- **DATA SUPPLIED**
^^^^

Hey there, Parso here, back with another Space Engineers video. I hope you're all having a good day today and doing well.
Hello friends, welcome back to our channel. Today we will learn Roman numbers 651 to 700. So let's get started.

^^^^

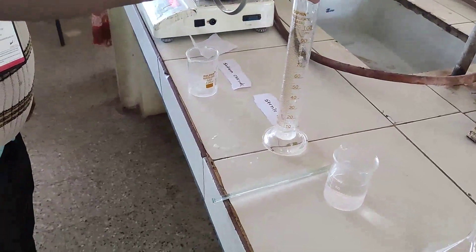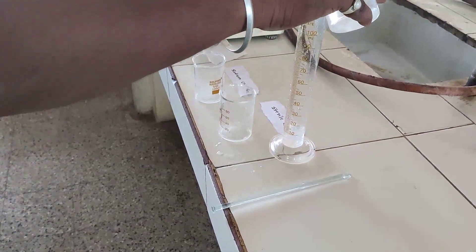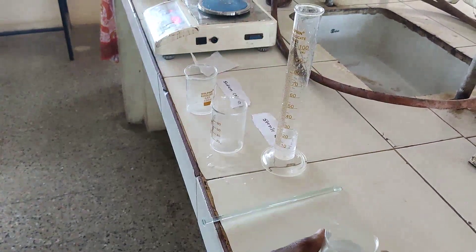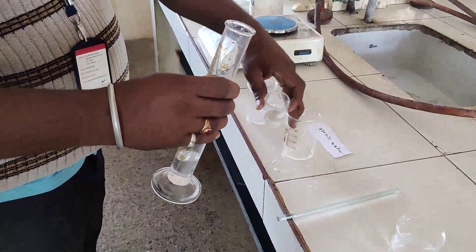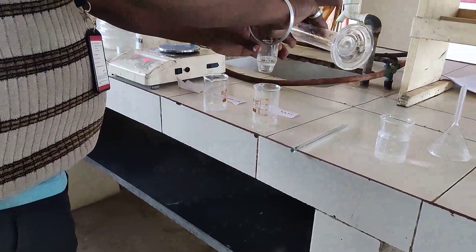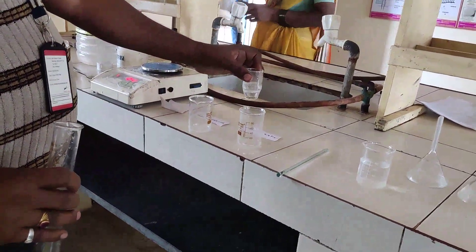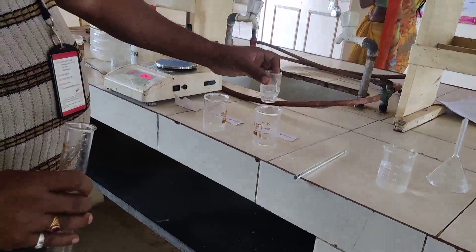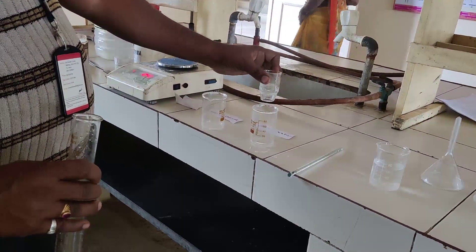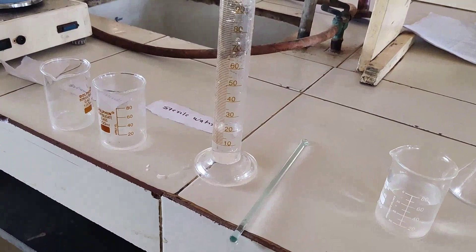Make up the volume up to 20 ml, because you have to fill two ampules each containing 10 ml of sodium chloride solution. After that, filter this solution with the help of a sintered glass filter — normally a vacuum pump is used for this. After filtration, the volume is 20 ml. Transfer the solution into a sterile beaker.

^^^^

- **WHAT YOU SHOULD DO**
Apply a filter for "back" to the data above, then copy each line that matches.

- **EXPECTED ANSWER**
Hey there, Parso here, back with another Space Engineers video. I hope you're all having a good day today and doing well.
Hello friends, welcome back to our channel. Today we will learn Roman numbers 651 to 700. So let's get started.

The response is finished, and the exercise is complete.